๐ Wav2Vec2-Large-XLSR-Turkish
This is a fine - tuned facebook/wav2vec2-large-xlsr-53 model on the Turkish Common Voice dataset. It can be used for Turkish speech recognition, and make sure the speech input is sampled at 16kHz.
๐ Quick Start
When using this model, ensure that your speech input is sampled at 16kHz.
โจ Features
- Fine - tuned Model: Based on facebook/wav2vec2-large-xlsr-53, fine - tuned on the Turkish Common Voice dataset.
- Direct Usage: Can be used directly without a language model.
๐ฆ Installation
No specific installation steps are provided in the original document, so this section is skipped.
๐ป Usage Examples
Basic Usage
The model can be used directly (without a language model) as follows:
import torch
import torchaudio
from datasets import load_dataset
from transformers import Wav2Vec2ForCTC, Wav2Vec2Processor
test_dataset = load_dataset("common_voice", "tr", split="test[:2%]")
processor = Wav2Vec2Processor.from_pretrained("cahya-wirawan/wav2vec2-large-xlsr-turkish")
model = Wav2Vec2ForCTC.from_pretrained("cahya-wirawan/wav2vec2-large-xlsr-turkish")
def speech_file_to_array_fn(batch):
speech_array, sampling_rate = torchaudio.load(batch["path"])
resampler = torchaudio.transforms.Resample(sampling_rate, 16_000)
batch["speech"] = resampler(speech_array).squeeze().numpy()
return batch
test_dataset = test_dataset.map(speech_file_to_array_fn)
inputs = processor(test_dataset[:2]["speech"], sampling_rate=16_000, return_tensors="pt", padding=True)
with torch.no_grad():
logits = model(inputs.input_values, attention_mask=inputs.attention_mask).logits
predicted_ids = torch.argmax(logits, dim=-1)
print("Prediction:", processor.batch_decode(predicted_ids))
print("Reference:", test_dataset[:2]["sentence"])
Advanced Usage
The model can be evaluated as follows on the Turkish test data of Common Voice.
import torch
import torchaudio
from datasets import load_dataset, load_metric
from transformers import Wav2Vec2ForCTC, Wav2Vec2Processor
import re
test_dataset = load_dataset("common_voice", "tr", split="test")
wer = load_metric("wer")
processor = Wav2Vec2Processor.from_pretrained("cahya-wirawan/wav2vec2-large-xlsr-turkish")
model = Wav2Vec2ForCTC.from_pretrained("cahya-wirawan/wav2vec2-large-xlsr-turkish")
model.to("cuda")
chars_to_ignore_regex = '[\,\?\.\!\-\;\:\"\โ\โ\โ\'\`โฆ\โยปยซ]'
def speech_file_to_array_fn(batch):
batch["sentence"] = re.sub(chars_to_ignore_regex, '', batch["sentence"]).lower()

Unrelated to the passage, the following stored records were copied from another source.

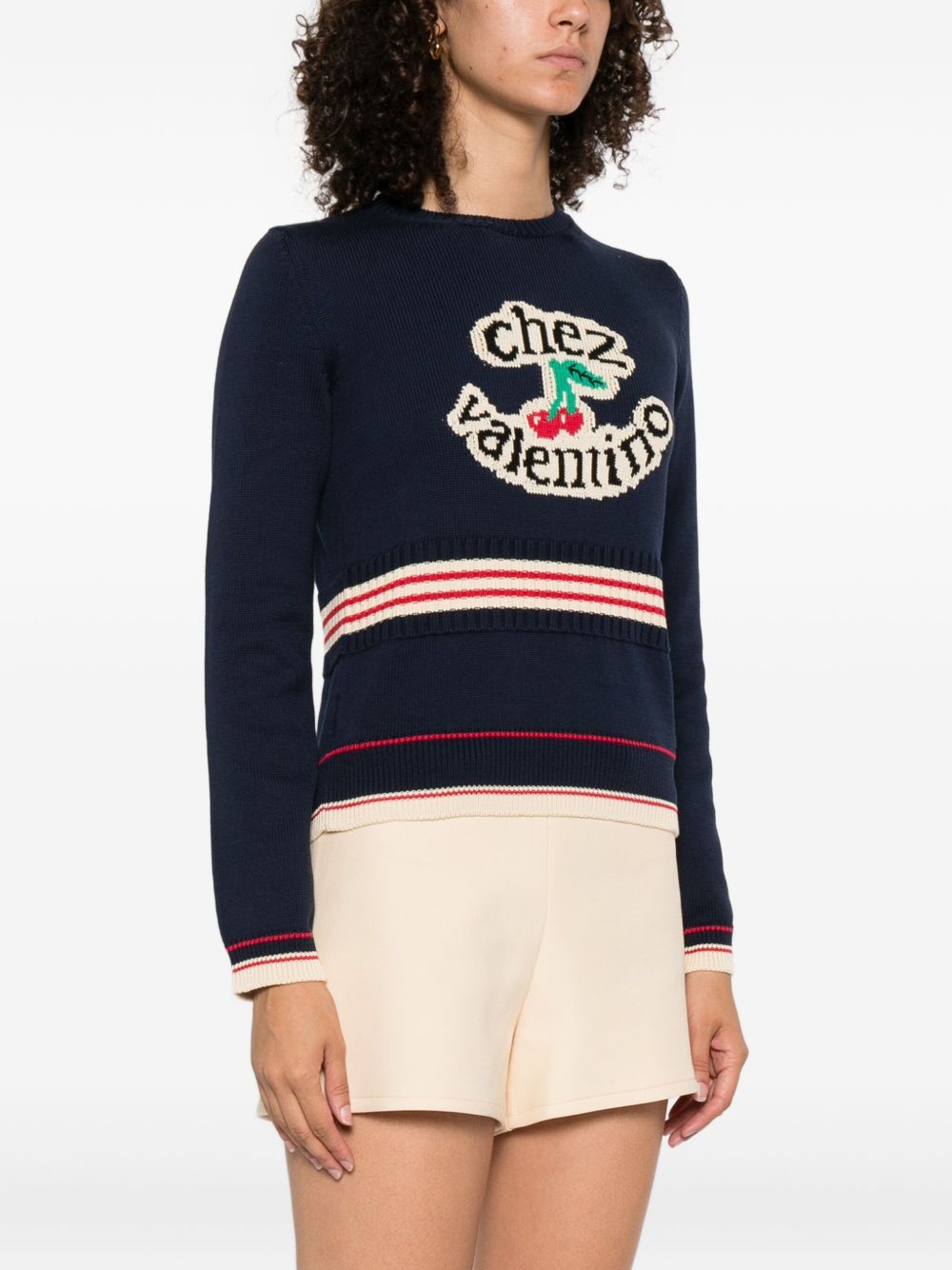 Chez Valentitno Sweater Valentino Garavani Blu | Grifo210
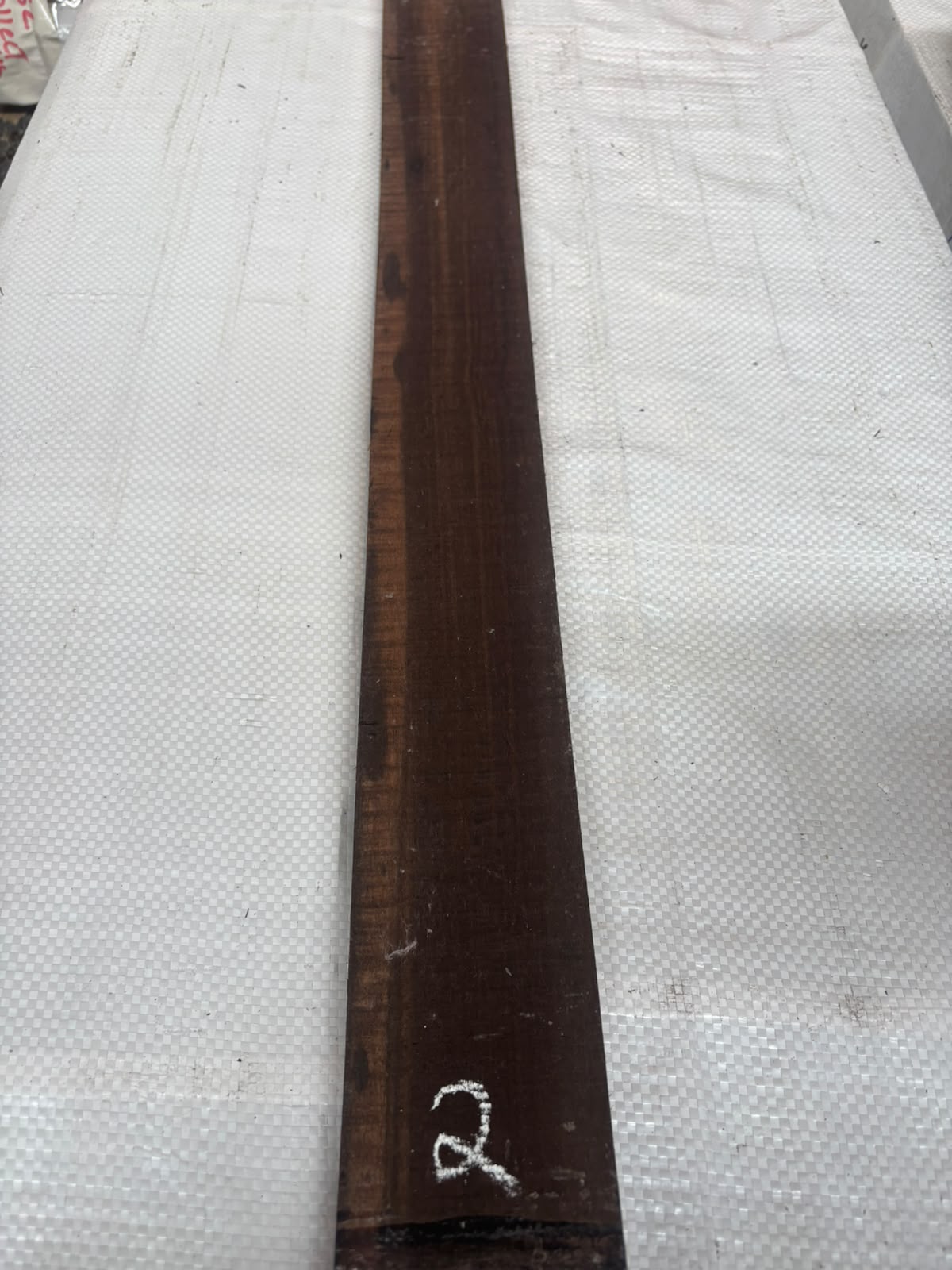 Indian Ebony Bass Fingerboard 2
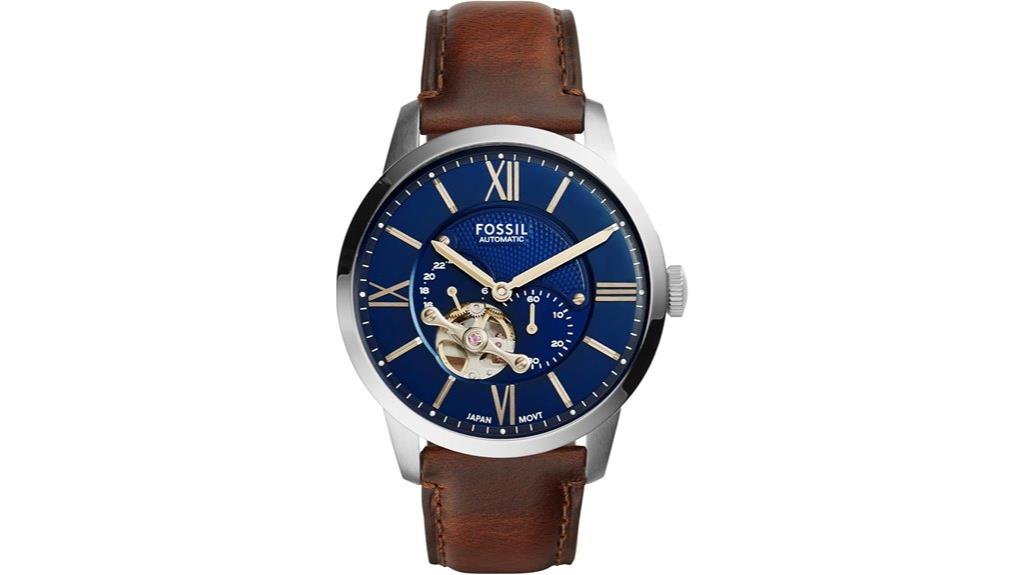 fossil skeleton automatic watch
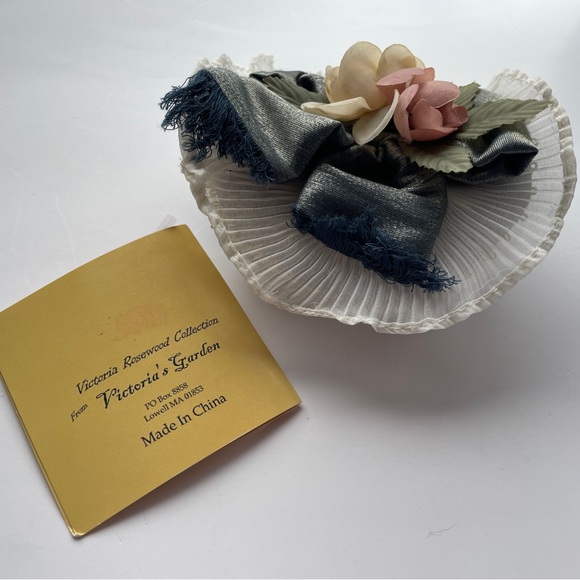 RARE Vintage Victoria Rosewood Collection Old Fashion Victorian Doll Hat - Picture 6 of 11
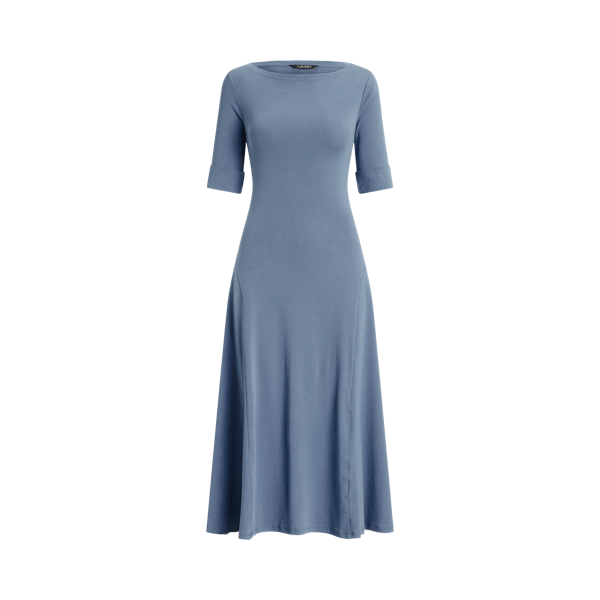 Stretch Cotton Midi Dress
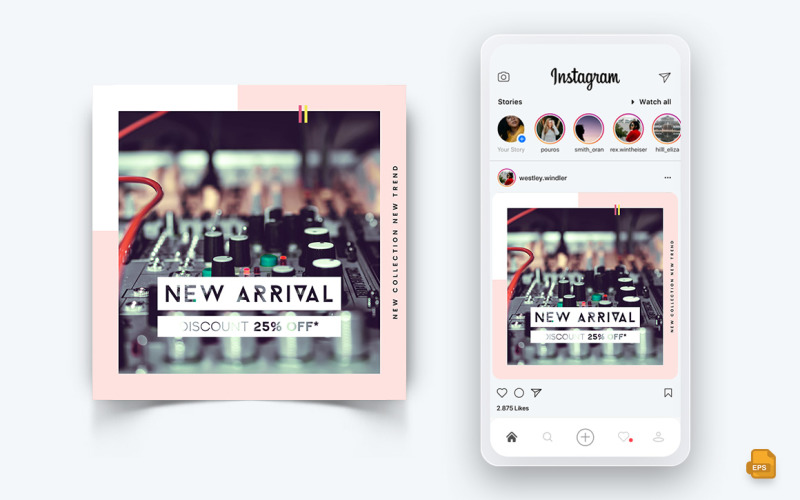 Musica Night Party Social Media Instagram Post Design-02
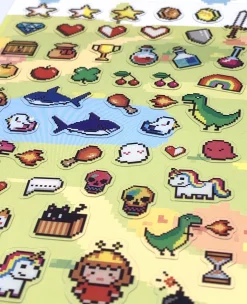 Adventure 8-bit PVC Sticker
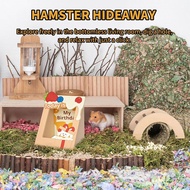 Wooden Small Pet Habitats Hamster House for Hedgehog Guinea Pigs Ferret Wooden Pet Habitats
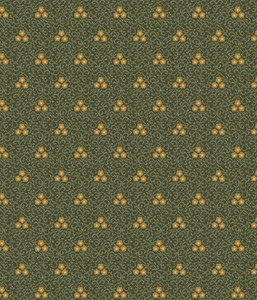 Treasured Past Fabric   R621366D Green Triple Ditsy   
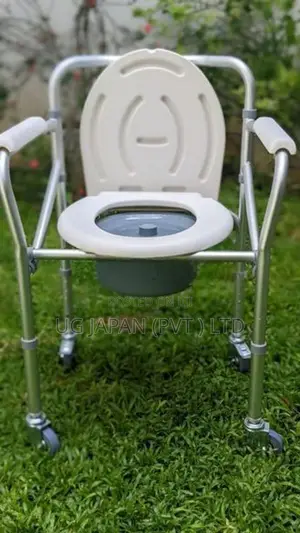 Commode Chair with Wheel - Foldable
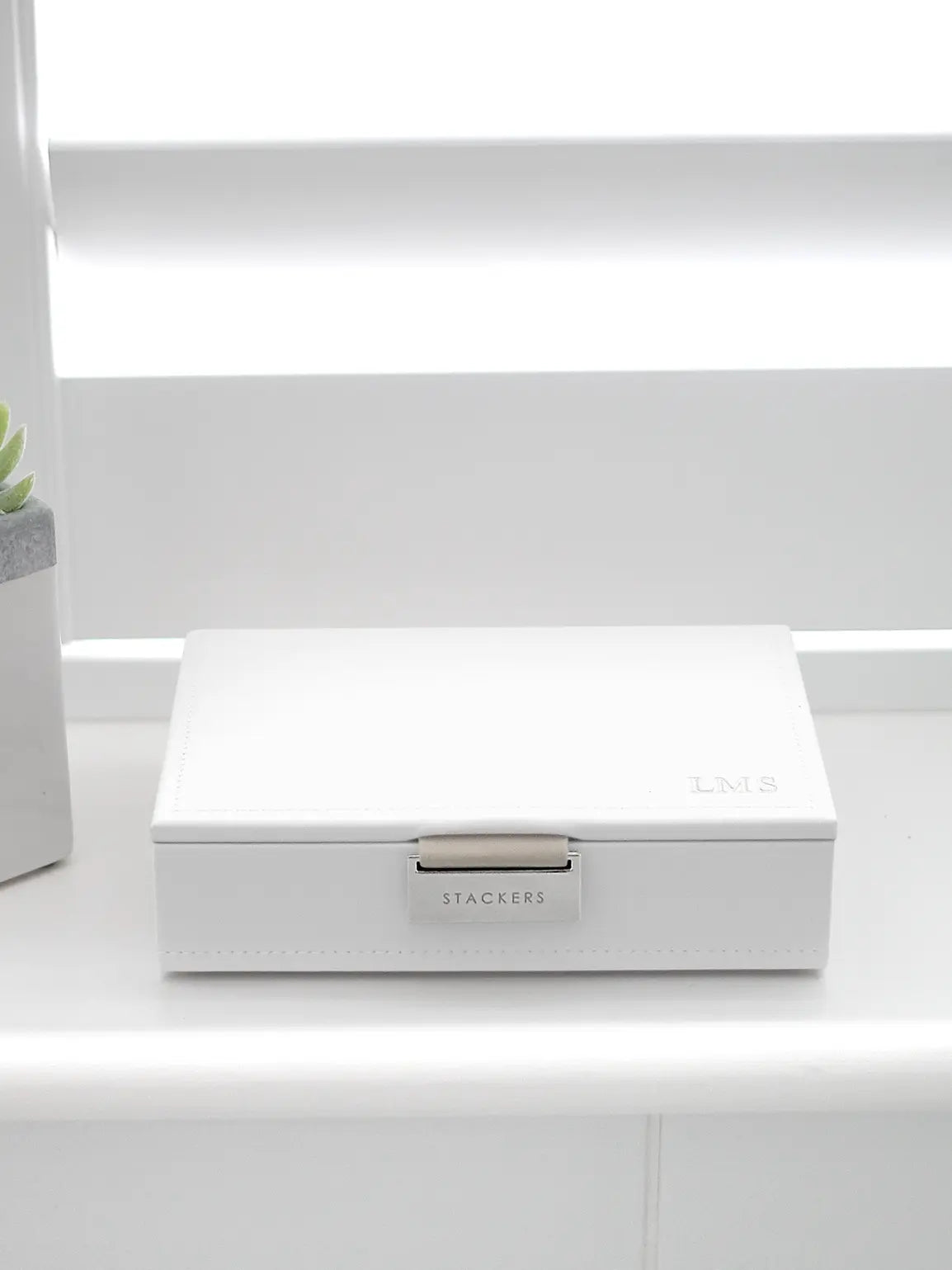 Stackers Lid for Mini Jewelry Box White
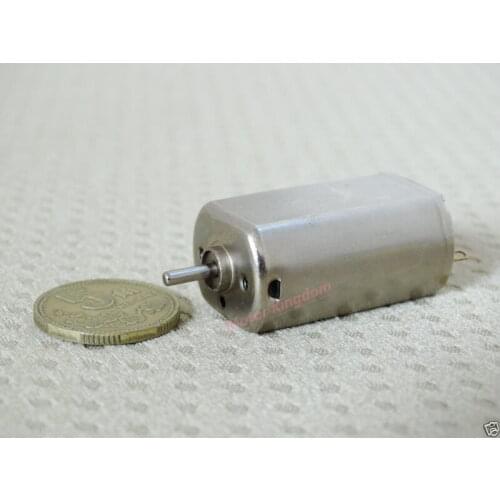 DC1V-3V 13300RPM High Speed Carbon Brush 180 DC Motor for Shaver Razor Toy Model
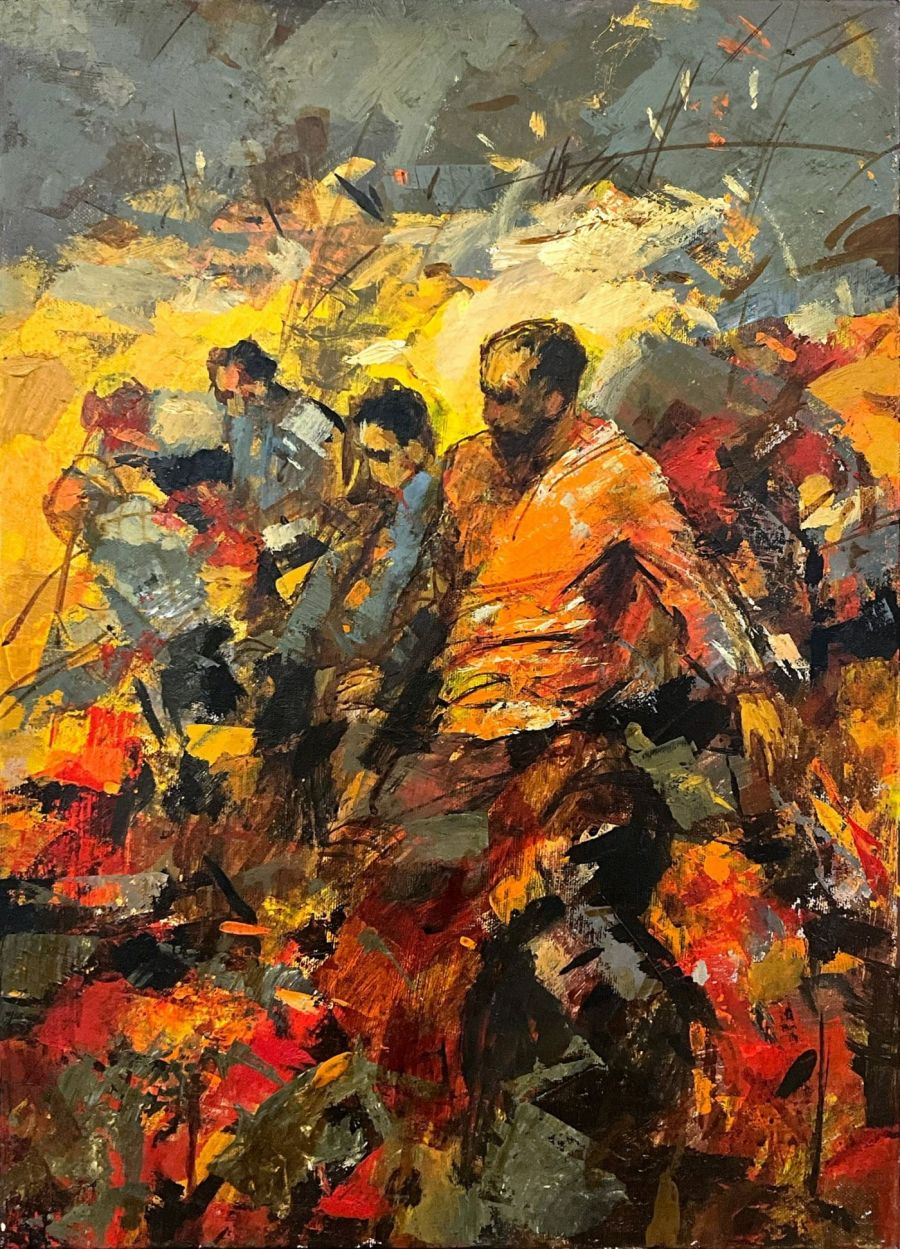 Dump, 2025, Acrylic on canvas, 50 x 35 cm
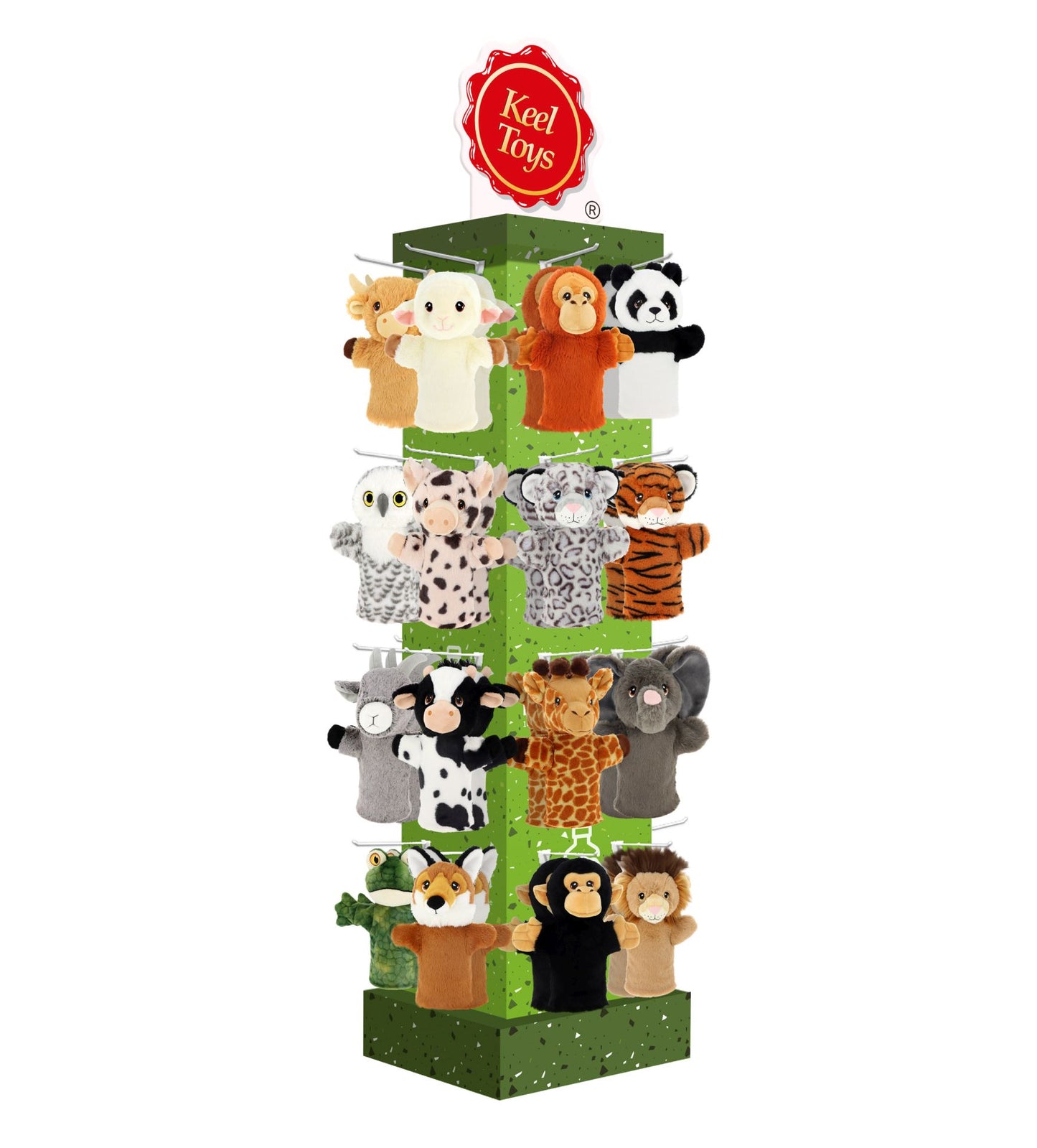 Keel Toys Keeleco Opice - eko plyšový maňásek na ruku 27 cm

speech_array, sampling_rate = torchaudio.load(batch["path"])
resampler = torchaudio.transforms.Resample(sampling_rate, 16_000)
batch["speech"] = resampler(speech_array).squeeze().numpy()
return batch
test_dataset = test_dataset.map(speech_file_to_array_fn)
def evaluate(batch):
inputs = processor(batch["speech"], sampling_rate=16_000, return_tensors="pt", padding=True)
with torch.no_grad():
logits = model(inputs.input_values.to("cuda"), attention_mask=inputs.attention_mask.to("cuda")).logits
pred_ids = torch.argmax(logits, dim=-1)
batch["pred_strings"] = processor.batch_decode(pred_ids)
return batch
result = test_dataset.map(evaluate, batched=True, batch_size=8)
print("WER: {:2f}".format(100 * wer.compute(predictions=result["pred_strings"], references=result["sentence"])))
Test Result: 21.13 %
๐ Documentation
Model Information
Property |
Details |
Model Type |
Wav2Vec2 - Large - XLSR - Turkish |
Training Data |
Turkish Common Voice dataset |
Metrics |
Word Error Rate (WER) |
License |
apache - 2.0 |
Model Index
- Name: XLSR Wav2Vec2 Turkish by Cahya
- Results:
- Task:
- Name: Speech Recognition
- Type: automatic - speech - recognition
- Dataset:
- Name: Common Voice tr
- Type: common_voice
- Args: tr
- Metrics:
- Name: Test WER
- Type: wer
- Value: 21.13
๐ง Technical Details
The script used for training can be found here. The Common Voice train
, validation
, other and invalidated datasets are used in the training process.
๐ License
This model is licensed under the apache - 2.0 license.